Begun in 1976 under the direction of then dictator, General Augusto Pinochet, Chile’s legendary Carretera Austral ( Route, or in Spanish “Ruta”, 7 ) is considered one of the country’s most ambitious infrastructure projects. Prior to its construction most of Chile’s Patagonian land transportation had to cross the border into Argentina. It opened in stages with the last 100kms to Villa O’Higgins not opened until the year 2000. Plans exist to extend the road further south ( as far as Puerto Natales ) in the years ahead.


From Puerto Montt, travellers have the option of driving  south east through Hornopiren with a couple of short ferries then connecting to the mainland town of Chaiten, or taking a ferry direct from Puerto Montt to Chaiten, or, a third option ( and the route we chose ) travelling southwest through the rural and more remote island of Chiloe as far as Quellon at which point a ferry makes the 4 hour crossing east to Chaiten.  Since all roads/ferries lead to Chaiten it is to all practical intents the real beginning of ‘Ruta 7’. Before heading over to Chiloe we did venture down Route 7 about 50 kms – the drive was scenic and it took us to a highly recommended camp spot ( Puerto Montt’s options were not that appealing ).

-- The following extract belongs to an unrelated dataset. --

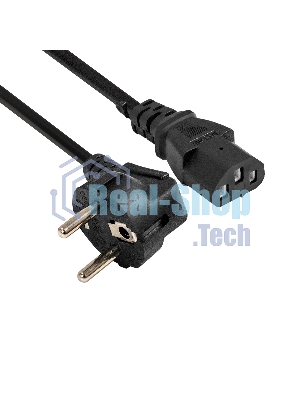 Кабель питания ExeGate Power PC-1,8P (Евровилка угловая Schuko->C13, VDE-250V-3*1.0мм2, медь, черный, 16A, 1.8 м)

Driving through Puerto Montt
Driving southeast from Puerto Montt along the waterfront, the very beginning of Route 7
Further down Route 7…the road still sealed at this stage
The eclectic campground we stayed at near Puerto Montt. Run by a lovely old Chilean couple and shared a with a menagerie of friendly animals
We had time to do a little cleanup here. I took the opportunity to ensure our spare fuel cans were clean as we might need them further south. Rumour has it that fuel stations can run dry on the Carretera. Our range without external tanks is only 600 kms, less when heavily loaded and on hilly rougher roads
The dogs loved us !


Chiloe island has a unique feel and distinct local flavor. More rustic, smaller towns, and miles and miles of rolling green hills, it reminded us at times of New Zealand ( albeit with fewer sheep ! ). Travel was slow with lots of construction and we managed to make a full day of the relatively short trip down from Puerto Montt. While the island offers countless side excursions and an impressive national park there would be more of that on the Carretera so our trip was limited to catching some of the sites in Castro ( capital city ) and some extensive stocking up of supplies in Quellon’s larger supermarkets – every guide we referenced suggested taking as much with you as you could carry given the limited options in Patagonia. Speaking of Patagonia, google “Where does Patagonia begin” and you will read that Chileans consider anything south of Puerto Montt to be Patagonia while Argentines reckon the boundary to be a bit further north in San Carlos de Bariloche – by either measure the Carretera Austral falls squarely within Patagonia.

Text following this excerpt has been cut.